### [Instructions for the task]
The entries below contain a line with "1 Pair Modern" and a line with "Merry Christmas design". Quote exactly those two lines and all lines between them.

### [Material for this exercise]
#####

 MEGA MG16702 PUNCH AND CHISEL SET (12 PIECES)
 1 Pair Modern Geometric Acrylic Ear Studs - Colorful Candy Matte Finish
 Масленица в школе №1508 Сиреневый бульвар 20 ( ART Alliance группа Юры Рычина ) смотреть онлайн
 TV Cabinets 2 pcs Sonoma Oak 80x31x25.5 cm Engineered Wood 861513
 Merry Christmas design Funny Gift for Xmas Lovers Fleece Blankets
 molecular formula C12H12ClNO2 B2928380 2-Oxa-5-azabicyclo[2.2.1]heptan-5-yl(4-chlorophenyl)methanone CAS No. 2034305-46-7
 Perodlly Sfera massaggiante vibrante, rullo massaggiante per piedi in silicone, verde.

#####

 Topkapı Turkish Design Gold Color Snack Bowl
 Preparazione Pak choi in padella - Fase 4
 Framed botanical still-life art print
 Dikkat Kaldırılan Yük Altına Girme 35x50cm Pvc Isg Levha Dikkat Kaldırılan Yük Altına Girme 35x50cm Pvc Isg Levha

#####

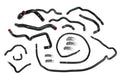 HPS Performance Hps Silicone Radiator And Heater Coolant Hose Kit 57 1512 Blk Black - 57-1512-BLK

#####

### [Your response]
 1 Pair Modern Geometric Acrylic Ear Studs - Colorful Candy Matte Finish
 Масленица в школе №1508 Сиреневый бульвар 20 ( ART Alliance группа Юры Рычина ) смотреть онлайн
 TV Cabinets 2 pcs Sonoma Oak 80x31x25.5 cm Engineered Wood 861513
 Merry Christmas design Funny Gift for Xmas Lovers Fleece Blankets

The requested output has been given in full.